One geezer hauled out his pocket encyclopedia/camera, a device usually marketed as a telephone but which he seldom uses that way, and showed the other geezer a picture he took of a sign at a tourist junk shop in Limon, Colorado a few days earlier and suggested there are many venues where this sign should be posted:

Both geezers reflect that the sign is highly reminiscent of the four-way test of the civic organization, Rotary International, which is:

Is it TRUTH? Is it FAIR to all concerned? Will it build GOODWILL and BETTER FRIENDSHIPS? Will it be BENEFICIAL to all concerned?

But then, Geezer one did the two-fingery thing on the encyclopedia/camera screen to widen out the image to show two other signs on either side of the “Think” sign.  The expanded image seems to capture the contradictions in our social dialogue, which too often take the shape of individual diaTRIBE.

To save you the trouble of doing your own two-fingery thing to expand the image, we’ll tell you that the sign on the left says, “If you can read this you are in range,” and shows an apparent double-barreled shotgun, and the sign on the right says “The average response time of a 911 call is 23 minutes. The response time of a .357 is 1400 feet per second.”

The other two signs might be true and helpful—somehow. We suspect they are seldom necessary. They aren’t real inspiring except in a pretty anti-social sort of a way.  And forget about kindness.  But in years to come they will provide fodder for sociologists, psychiatrists and other “ists” studying the American mind in the late Twentieth and early Twenty-first Centuries.

Geezer One saw another sign a few days earlier at Dot’s Diner, a sandwich place in Nederland, Colorado—a few miles above Boulder—where the proprietors think the music of the Grateful Dead is appropriate background for a meal.  The sign wasn’t mean or threatening.  It just asked people to respect other diners who were having their sandwich with a Touch of Grey, or their omelet with Sugar Magnolia.

Maybe Geezer One was just feeling mellow during his lunch because he’d just ridden a pig on the 1909 restored carousel that is Nederland’s biggest attraction.  A fellow named Scott Harrison had rescued the carousel from the scrap heap and had spent more than twenty-five years carving all of the creatures for it.  The Carousel of Joy, it’s called.  And you are NOT too old to enjoy riding it and listening to the original Wurlitzer mechanical band organ as you go.

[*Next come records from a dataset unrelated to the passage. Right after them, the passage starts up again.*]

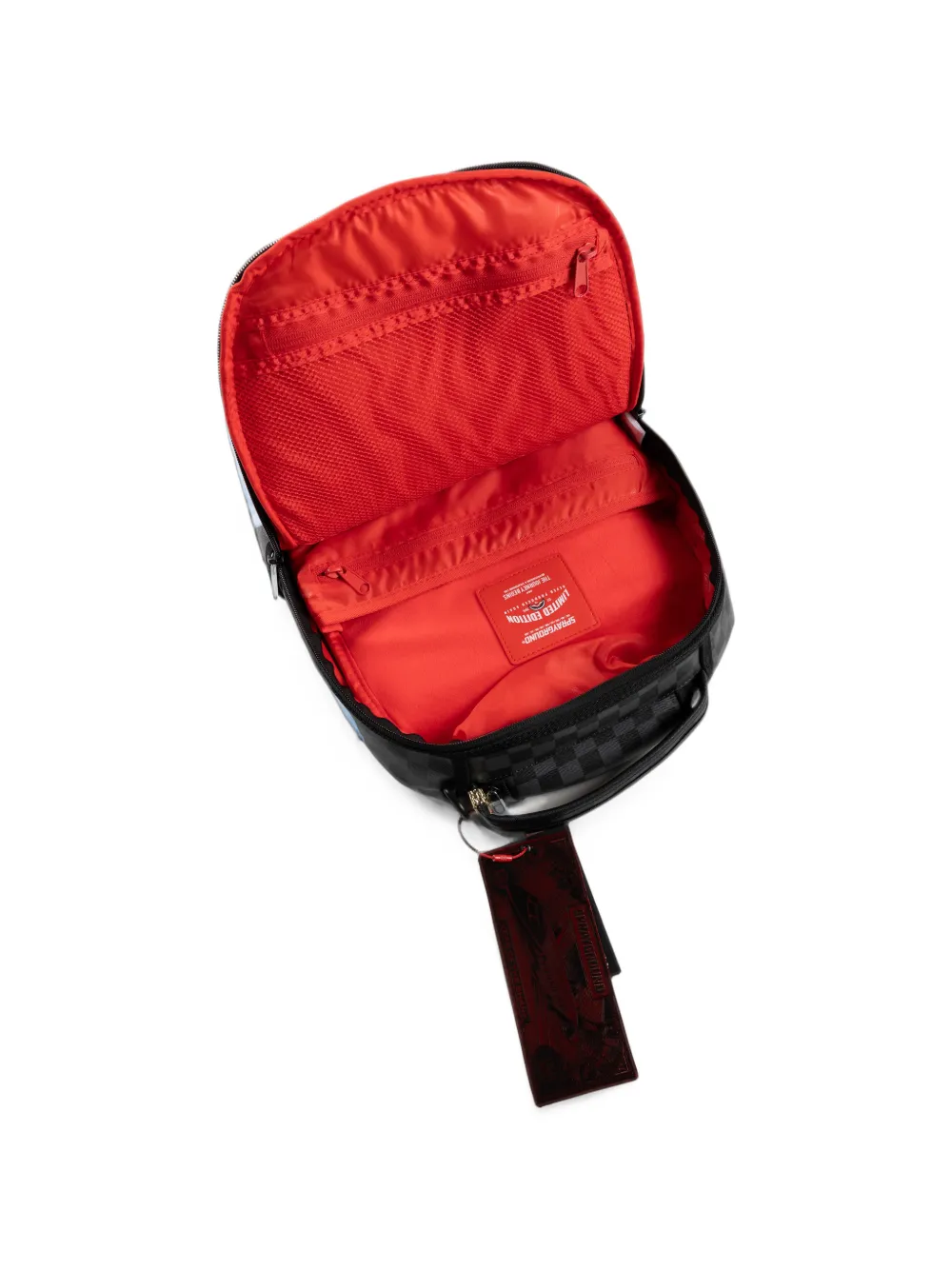 Sprayground Shark Mouth geruite rugzak Zwart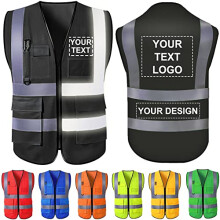 Visibility Safety Vest with Pockets and Zipper, Custom Reflective Work Vest for Men Women Construction – Black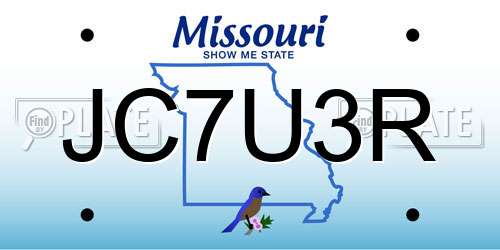 JC7U3R Missouri License Plate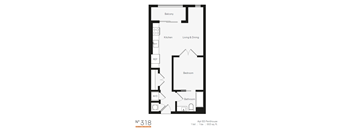 B3 One Bedroom / One Bath (Phase One). The Rigsbee Collection. Durham, NC.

The discussion reminded one of the geezers of the kindly little signs that vanished from our roads about the time the interstate highway system came along.  The last Burma-Shave signs went up in 1963.  You might find a few in museums here and there today.  Some thought they were distractions to drivers and made the two-lane roads they populated less safe.  But now in these days with the pleas for drivers to ignore the distractions of Facebook, or Twitter, or the telephone itself—-at the same time that cars all have video screens in the middle of the dash loaded with all kinds of information—the concerns about Burma-Shave signs seem mild.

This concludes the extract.